Data provided: Begin

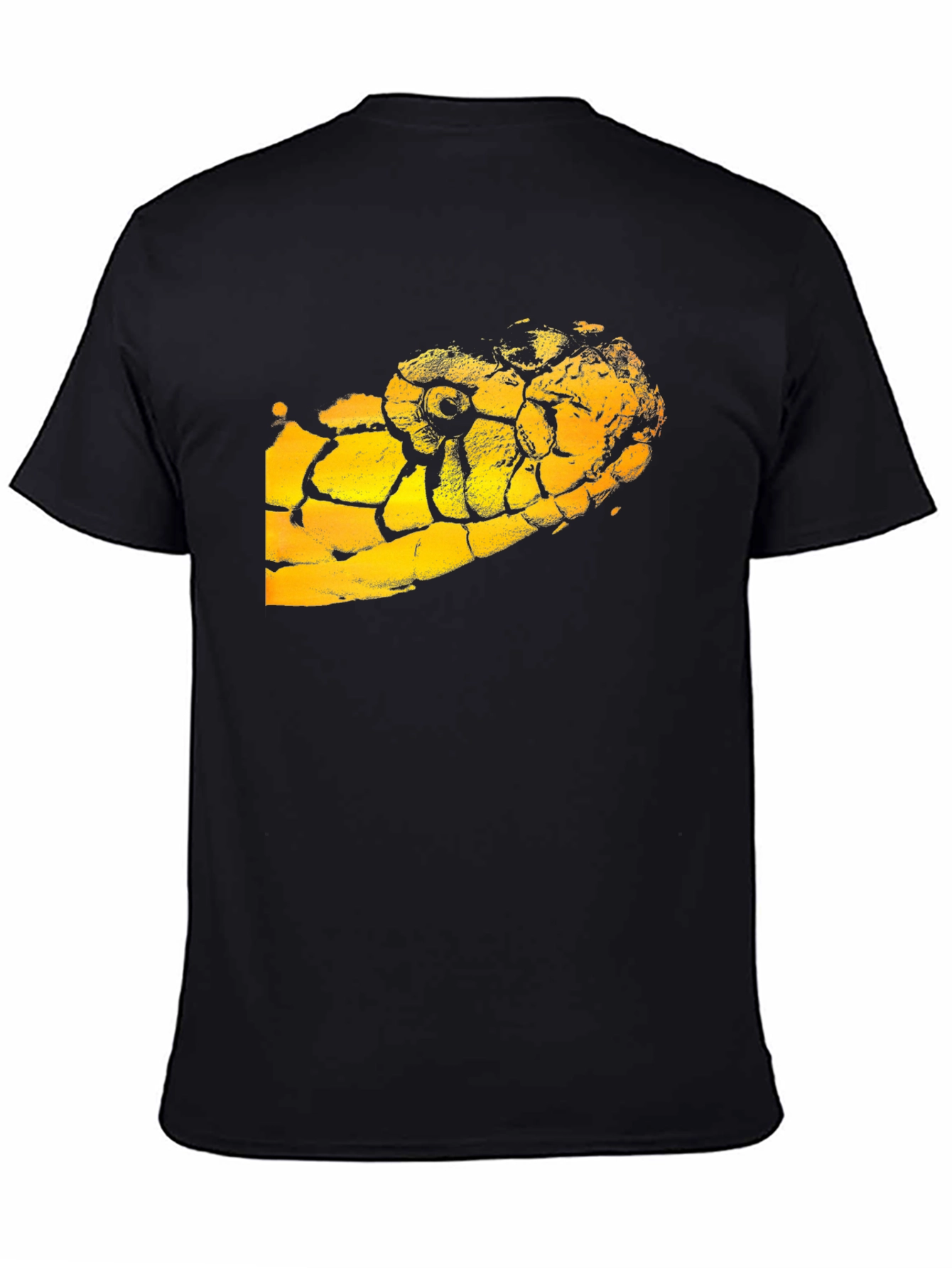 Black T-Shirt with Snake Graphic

Data provided: End
Data provided: Begin

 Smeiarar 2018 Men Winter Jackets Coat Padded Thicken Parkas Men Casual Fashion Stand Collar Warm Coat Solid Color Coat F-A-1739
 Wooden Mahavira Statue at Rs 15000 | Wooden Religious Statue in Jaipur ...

Data provided: End

§ Required work
There is a line with "Smeiarar 2018 Men" and a line with "Wooden Mahavira Statue" above. Copy exactly those two lines and all lines between them, with nothing else.

§ Answer section
 Smeiarar 2018 Men Winter Jackets Coat Padded Thicken Parkas Men Casual Fashion Stand Collar Warm Coat Solid Color Coat F-A-1739
 Wooden Mahavira Statue at Rs 15000 | Wooden Religious Statue in Jaipur ...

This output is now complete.